China Girl - Abel Ferrara (1987)


Roméo et Juliette transposé à New York de nos jours, les héros : Tony, dix-sept ans, frère d'un chef de bande de Little Italy, et Tyan, dont le frère travaille pour le caïd de Chinatown. Pour conserver leur amour, Tony et Tyan vont tenter de réconcilier les deux familles au péril de leur vie.

Abel Ferrara avait échoué (du moins commercialement) à se fondre dans le moule hollywoodien avec New York, deux heures du matin (1984) et allait végéter à la télévision les deux années suivantes, signant pour son ami Michael Mann des épisodes de Miami Vice et Crime Story. China Girl est donc une forme de seconde chance pour le réalisateur qui retrouve sa chère urbanité new-yorkaise dans une œuvre qui croise l’urgence des débuts et les moyens de son film précédent. Le film revisite Roméo et Juliette dans le New-York des années 80 et s’inscrit dans l’idée de relecture moderne déjà à l’œuvre dans West Side Story de Robert Wise (1961).
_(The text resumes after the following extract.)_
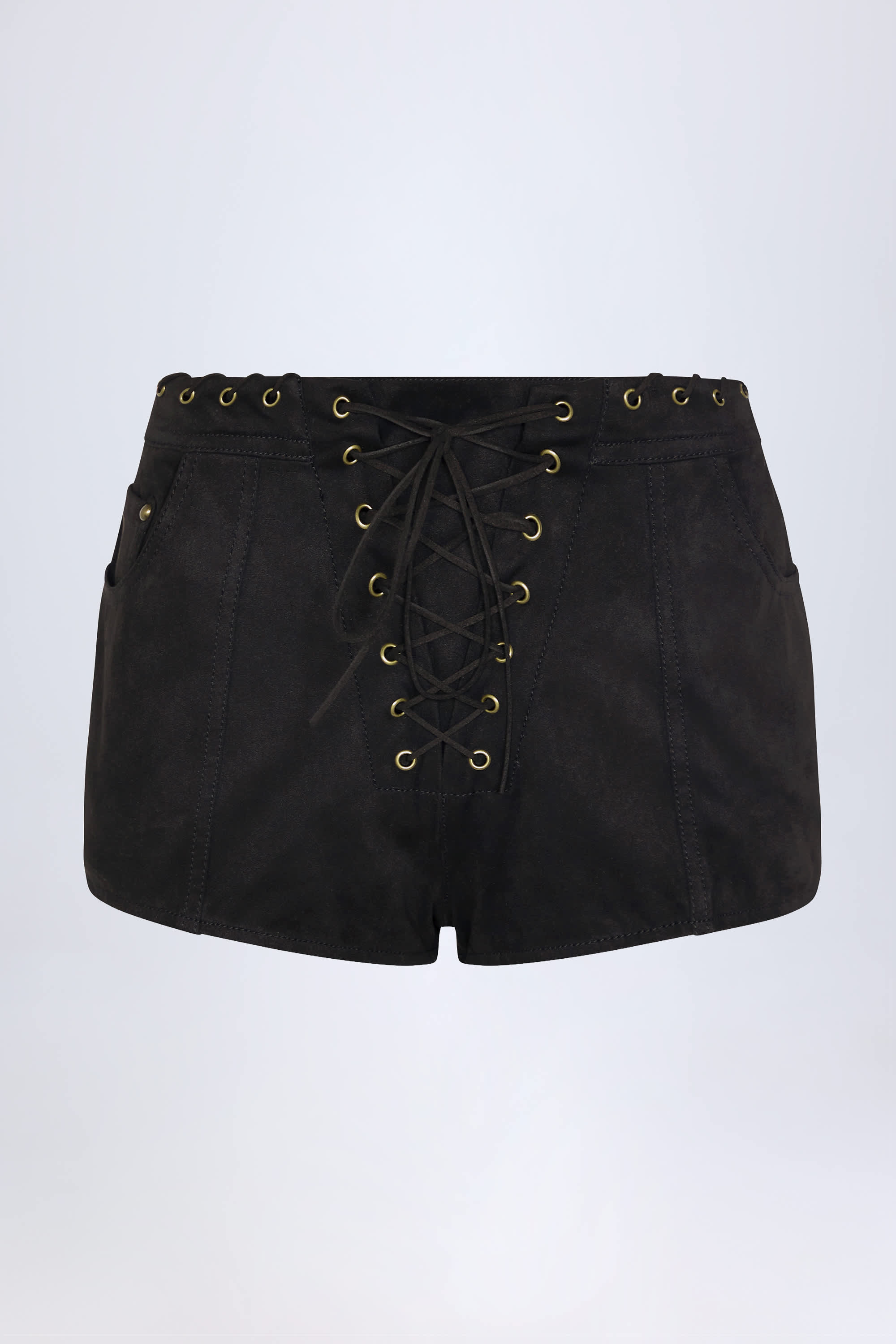 13518-Black_Parva_21-1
Les 15 premières minutes sans dialogues constituent un idéal de cinéma pur, transcrivant par les mots tous les enjeux du film. Un restaurant chinois ouvre en plein Little Italy sous le regard désabusé de la communauté locale qui voit sa spécificité disparaître face au melting-pot. La scène suivante montre pourtant la beauté possible de ce mélange lorsque Tony (Richard Panebianco) et Tye (Sari Chang) échangent regards puis pas de danse amoureux dans un club. Ferrara les isole d’abord en capturant cette intimité amoureuse en plan serré, puis les isole à nouveau mais en en faisant des parias isolés au centre de la piste de danse face au regard haineux des petites frappes chinoises. La porosité entre les deux mondes se traduit d’ailleurs également par la haine lorsque les chinois hésitent puis traversent la fameuse frontière entre Little Italy et Chinatown pour traquer Tony.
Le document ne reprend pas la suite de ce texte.